▶ _About this exercise_
Give back the whole listing exactly as written, pictures excluded.

▶ _Data segment_
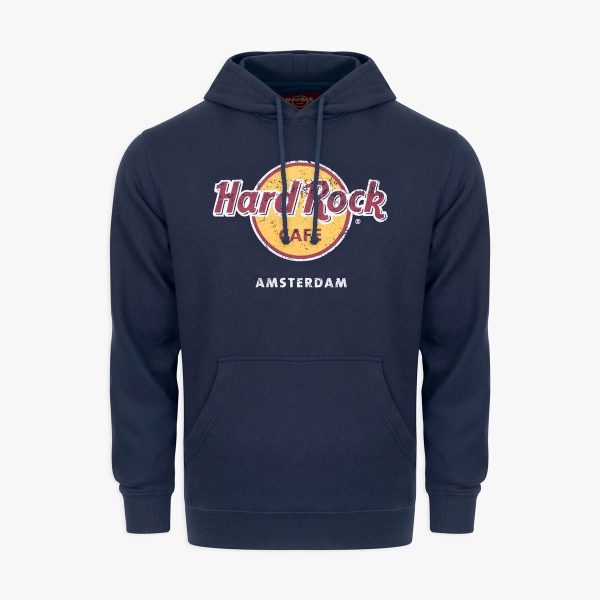 0885575724205_Amsterdam-6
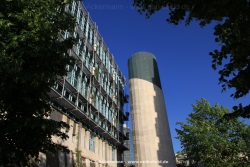 fotografie-21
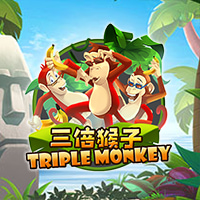 RTP sboslot hasianbet168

▶ _Solution_
 0885575724205_Amsterdam-6
 fotografie-21
 RTP sboslot hasianbet168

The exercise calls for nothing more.